Florida artists honored with a purchase from their solo shows include printmaker Ken Kerslake, photographer Clyde Butcher and painter Michael Sastre.

“Ever since I saw this piece by Michael Sastre, I’ve been wanting to get it out for some show,” says Williams.

Purchased in 1993 from an exhibition titled “Made in Florida,” the large painting depicts a barefooted woman in an orange jumpsuit. She is seated in a white plastic lawn chair before a drab, concrete block wall.

The painting is from Sastre’s “Life in Krome” series. The title refers to the Krome Detention Center in Miami, which holds immigrants who are in the process of being deported to their countries of origin.

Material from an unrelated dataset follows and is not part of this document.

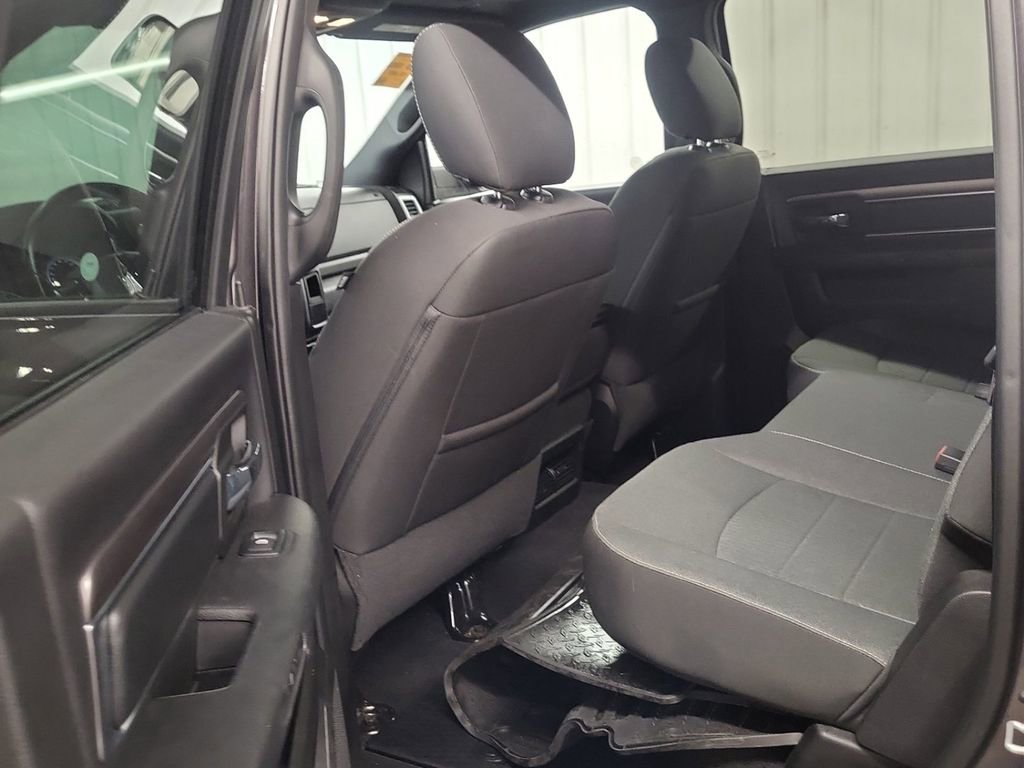 Used 2022 RAM 1500 Classic Warlock image 4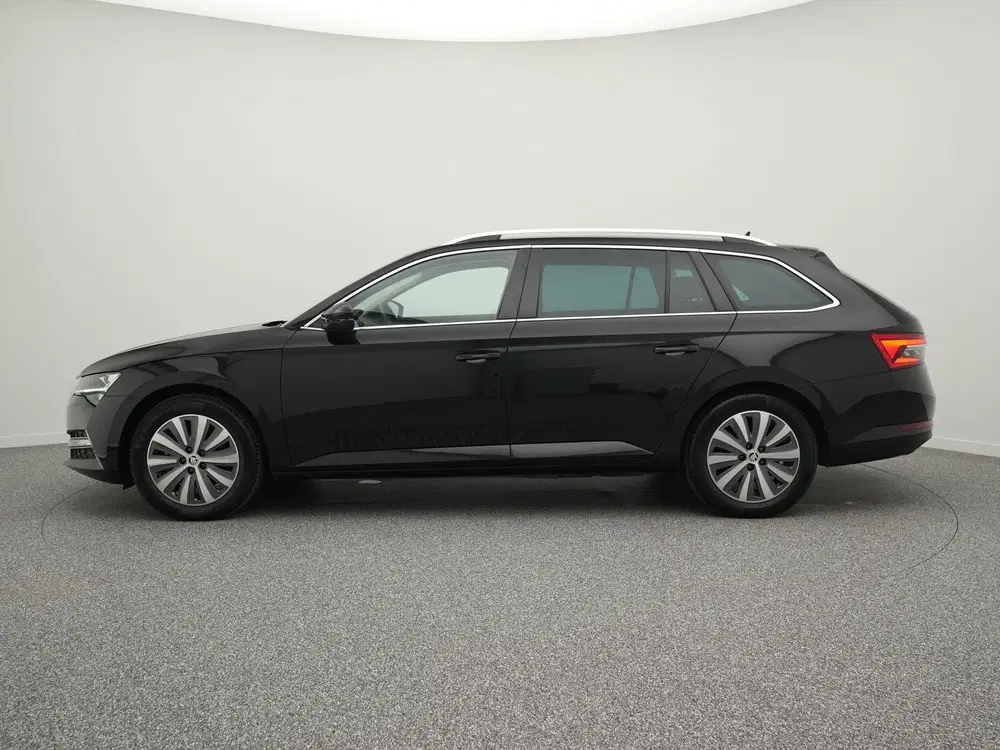 Skoda Superb 1.4 TSI iV Business Edition 218 pk DSG uit 2024, foto 12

Other works in the show are from artists who have exhibited within the last year or two. They include “In the Common Interest,” an oil painting executed on both sides of a folding screen by Dale Kennington; a panoramic time-lapse photo of the mountains of West Virginia by Stephen Lawson; and “Evidence,” a blown-glass and mixed-media sculpture by Marc Petrovic.

Many other gems of the collection are also on display in the Titelman. “These artworks have never been seen together in this context,” says Williams.

“Masters of Studio Glass” runs through Sept. 11. “From Exhibition to Collection” is on display through Sept. 6.